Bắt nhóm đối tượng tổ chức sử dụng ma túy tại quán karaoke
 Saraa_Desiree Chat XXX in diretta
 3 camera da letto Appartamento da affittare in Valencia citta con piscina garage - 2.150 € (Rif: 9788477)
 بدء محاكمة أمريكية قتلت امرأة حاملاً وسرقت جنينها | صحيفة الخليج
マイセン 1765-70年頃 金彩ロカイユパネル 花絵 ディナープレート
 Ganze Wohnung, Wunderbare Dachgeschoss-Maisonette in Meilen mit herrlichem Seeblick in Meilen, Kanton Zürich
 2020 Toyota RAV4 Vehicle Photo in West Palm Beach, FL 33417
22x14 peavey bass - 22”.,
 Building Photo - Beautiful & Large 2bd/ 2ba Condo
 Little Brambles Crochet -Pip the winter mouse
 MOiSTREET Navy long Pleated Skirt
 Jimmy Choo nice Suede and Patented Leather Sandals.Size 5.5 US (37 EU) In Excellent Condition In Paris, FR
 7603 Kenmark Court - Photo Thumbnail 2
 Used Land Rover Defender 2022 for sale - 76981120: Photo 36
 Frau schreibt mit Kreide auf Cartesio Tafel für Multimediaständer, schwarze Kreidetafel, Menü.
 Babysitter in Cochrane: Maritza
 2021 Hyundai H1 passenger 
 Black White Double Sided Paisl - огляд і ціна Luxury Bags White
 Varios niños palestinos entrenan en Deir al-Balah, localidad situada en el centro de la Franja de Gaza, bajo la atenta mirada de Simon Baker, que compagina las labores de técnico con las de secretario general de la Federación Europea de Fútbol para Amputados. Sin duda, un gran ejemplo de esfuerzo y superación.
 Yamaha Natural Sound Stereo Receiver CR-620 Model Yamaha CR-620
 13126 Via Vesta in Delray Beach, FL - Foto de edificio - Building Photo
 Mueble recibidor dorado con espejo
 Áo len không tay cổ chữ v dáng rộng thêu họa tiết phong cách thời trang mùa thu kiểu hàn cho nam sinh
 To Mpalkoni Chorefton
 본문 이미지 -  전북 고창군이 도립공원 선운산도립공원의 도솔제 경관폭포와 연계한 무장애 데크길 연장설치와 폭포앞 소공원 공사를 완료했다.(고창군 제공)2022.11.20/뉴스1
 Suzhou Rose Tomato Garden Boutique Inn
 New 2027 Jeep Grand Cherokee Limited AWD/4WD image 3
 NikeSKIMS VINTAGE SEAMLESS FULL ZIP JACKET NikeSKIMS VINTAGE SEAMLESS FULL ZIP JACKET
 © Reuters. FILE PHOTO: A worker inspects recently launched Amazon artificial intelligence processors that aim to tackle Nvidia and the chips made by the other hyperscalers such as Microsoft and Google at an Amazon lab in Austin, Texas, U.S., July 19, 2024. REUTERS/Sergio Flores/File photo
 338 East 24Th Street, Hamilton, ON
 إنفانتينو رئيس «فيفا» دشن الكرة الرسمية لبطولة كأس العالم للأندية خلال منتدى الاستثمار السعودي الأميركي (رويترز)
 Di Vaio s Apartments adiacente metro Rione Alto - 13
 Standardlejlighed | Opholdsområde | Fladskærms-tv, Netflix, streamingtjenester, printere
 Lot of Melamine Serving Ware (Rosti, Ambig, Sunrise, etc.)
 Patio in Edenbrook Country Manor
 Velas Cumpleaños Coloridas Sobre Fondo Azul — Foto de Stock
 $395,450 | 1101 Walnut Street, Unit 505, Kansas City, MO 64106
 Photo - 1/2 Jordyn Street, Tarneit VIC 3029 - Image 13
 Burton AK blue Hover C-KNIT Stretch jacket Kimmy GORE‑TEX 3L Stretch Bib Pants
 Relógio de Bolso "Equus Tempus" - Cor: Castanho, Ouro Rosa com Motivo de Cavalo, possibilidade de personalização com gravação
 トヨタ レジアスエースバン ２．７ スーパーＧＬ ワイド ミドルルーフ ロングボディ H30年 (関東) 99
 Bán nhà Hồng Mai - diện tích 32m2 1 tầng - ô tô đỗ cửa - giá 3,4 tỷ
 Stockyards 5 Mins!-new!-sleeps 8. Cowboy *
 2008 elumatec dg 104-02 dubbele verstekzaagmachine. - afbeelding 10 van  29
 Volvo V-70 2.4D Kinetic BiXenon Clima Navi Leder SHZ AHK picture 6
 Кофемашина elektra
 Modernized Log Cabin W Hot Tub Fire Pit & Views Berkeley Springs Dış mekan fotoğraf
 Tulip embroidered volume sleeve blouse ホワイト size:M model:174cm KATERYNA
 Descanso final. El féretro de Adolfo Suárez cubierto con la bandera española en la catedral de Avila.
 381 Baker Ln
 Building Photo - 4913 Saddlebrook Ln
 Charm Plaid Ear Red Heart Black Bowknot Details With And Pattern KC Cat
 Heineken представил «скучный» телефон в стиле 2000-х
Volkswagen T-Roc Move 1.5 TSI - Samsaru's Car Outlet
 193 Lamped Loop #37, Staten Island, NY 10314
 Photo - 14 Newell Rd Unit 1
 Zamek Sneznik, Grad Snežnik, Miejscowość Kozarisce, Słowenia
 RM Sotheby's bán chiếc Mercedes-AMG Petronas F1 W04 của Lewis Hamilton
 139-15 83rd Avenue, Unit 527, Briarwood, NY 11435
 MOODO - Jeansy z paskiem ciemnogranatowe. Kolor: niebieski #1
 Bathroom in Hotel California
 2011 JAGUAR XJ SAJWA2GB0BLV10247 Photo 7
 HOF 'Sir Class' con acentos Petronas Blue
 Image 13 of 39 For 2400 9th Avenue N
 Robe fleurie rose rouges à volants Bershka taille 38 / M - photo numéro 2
=====
*WHAT YOU SHOULD DO:*
From the records above, retype only the lines starting at the line that contains "بدء محاكمة أمريكية" and ending at the line that contains "22x14 peavey bass", both included.

*EXPECTED ANSWER:*
 بدء محاكمة أمريكية قتلت امرأة حاملاً وسرقت جنينها | صحيفة الخليج
マイセン 1765-70年頃 金彩ロカイユパネル 花絵 ディナープレート
 Ganze Wohnung, Wunderbare Dachgeschoss-Maisonette in Meilen mit herrlichem Seeblick in Meilen, Kanton Zürich
 2020 Toyota RAV4 Vehicle Photo in West Palm Beach, FL 33417
22x14 peavey bass - 22”.,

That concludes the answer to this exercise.